Chine
Question de :
M. Michel Meylan
Haute-Savoie (3e circonscription) - Union pour la démocratie française
M. Michel Meylan appelle l'attention de M. le ministre des affaires étrangères sur la persistance et l'aggravation de la situation des droits de l'homme au Tibet. Le cas du jeune Panchen Lama Gendun Choekyi Ngima, âgé de sept ans, et de sa famille, disparus depuis juillet 1995, ou, de la jeune religieuse Ngawang Sangdrol, emprisonnée depuis le 17 juin 1992 à la prison Drapchi de Lhassa et condamnée à dix-sept ans d'emprisonnement pour avoir manifesté pacifiquement, sont des exemples des mauvais traitements imposés par le régime en place.
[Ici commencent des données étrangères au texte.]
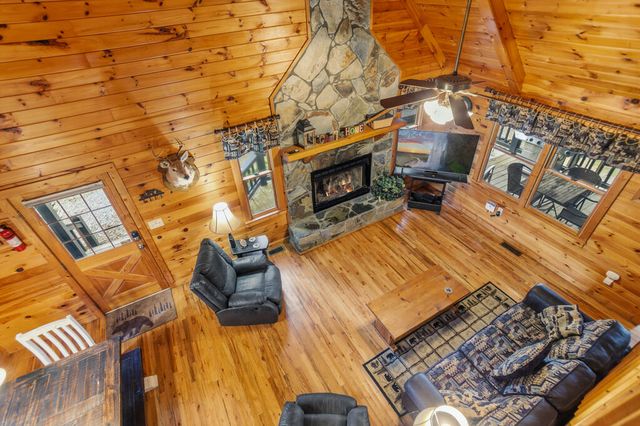 142 Oak Hill Drive, Mineral Bluff, GA 30559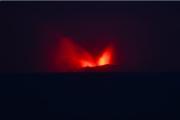Cierran seis aeropuertos por erupción del volcán Krakatoa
Les Français suivent avec une grande préoccupation l'aggravation de la situation des droits de l'homme au Tibet, contraire aux principes fondamentaux déterminés par la Charte des Nations unies et la Déclaration universelle des droits de l'homme. Il lui demande ce qu'il compte faire pour obtenir des autorités chinoises qu'elles mettent fin à l'oppression du peuple tibétain.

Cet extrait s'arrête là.